== INFORMATION PROVIDED ==

Segment Open

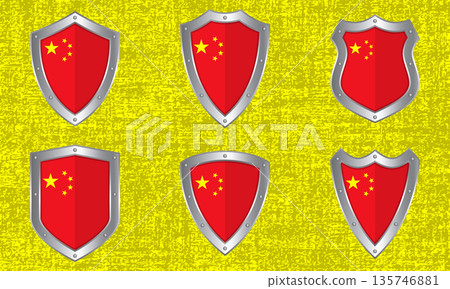 Set of metal shields with the Chinese flag 135746881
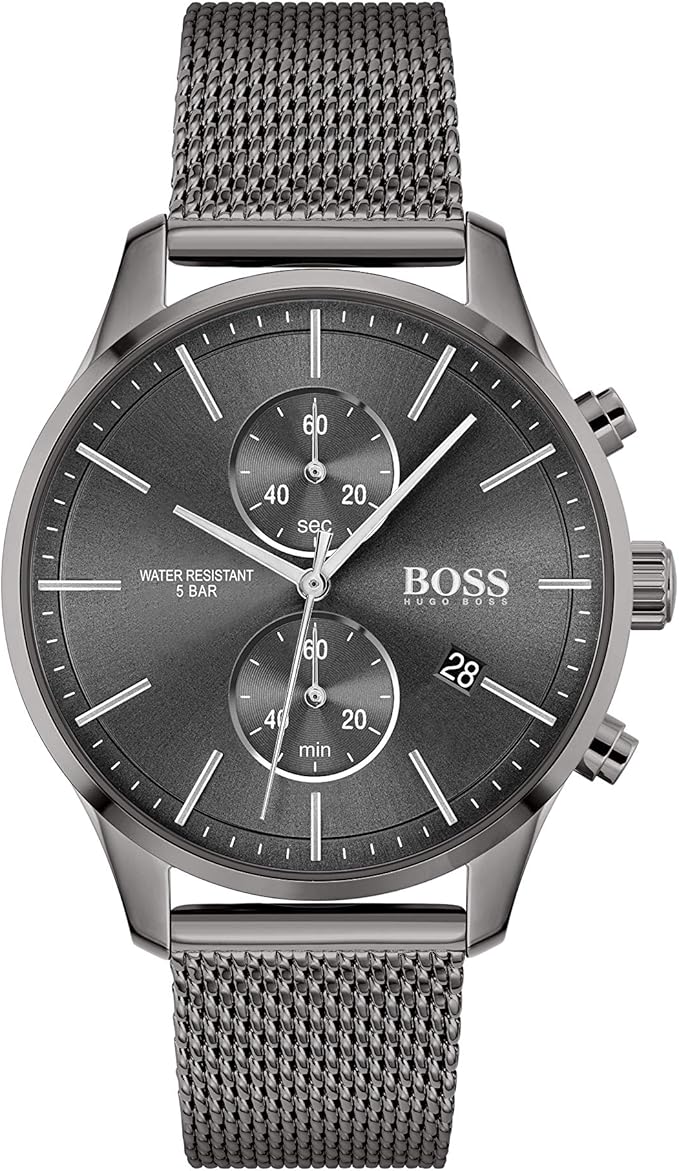 Montre Homme Hugo Boss Associate 1513870 chronographe anthracite maille milanaise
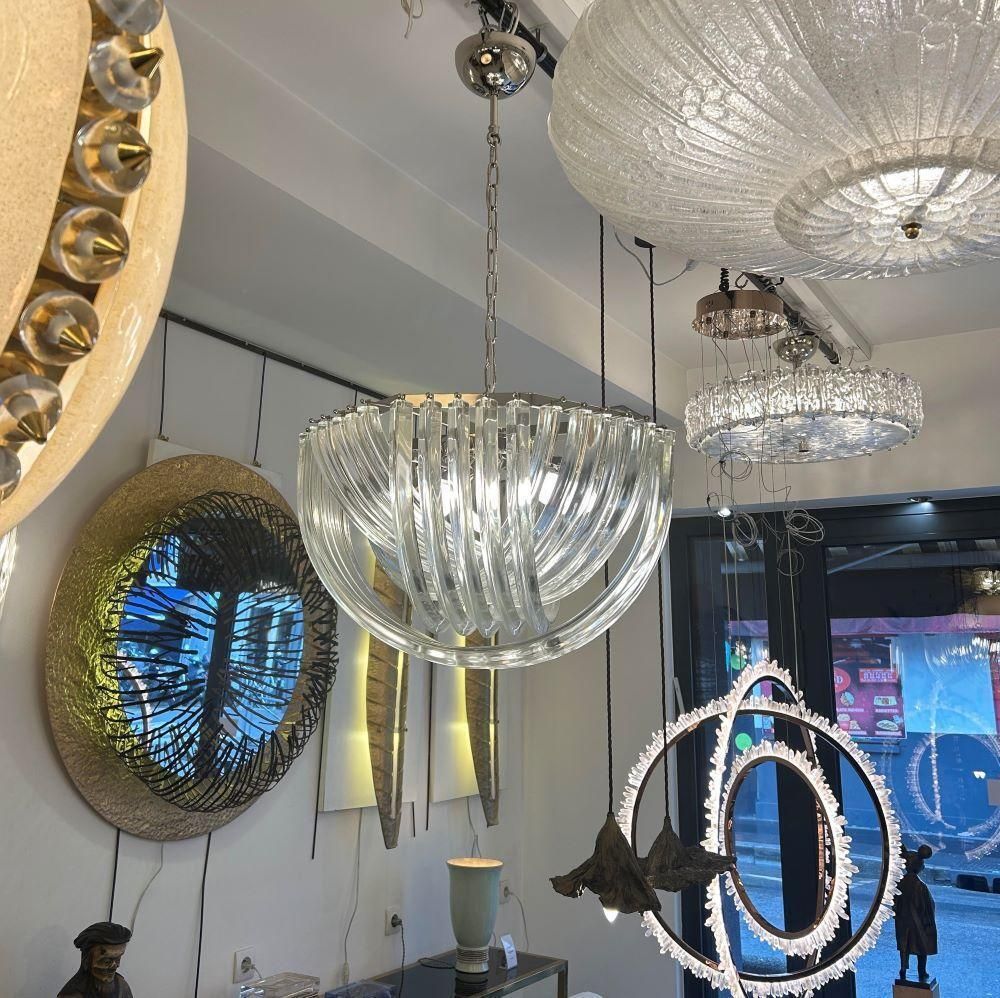 Murano Curved Crystal Chandelier By Carlo Nason photo for sale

Segment Closed

== YOUR ASSIGNMENT ==
Could the data be reproduced exactly, with the pictures omitted?

== ANSWER TO THE PROBLEM ==
 Set of metal shields with the Chinese flag 135746881
 Montre Homme Hugo Boss Associate 1513870 chronographe anthracite maille milanaise
 Murano Curved Crystal Chandelier By Carlo Nason photo for sale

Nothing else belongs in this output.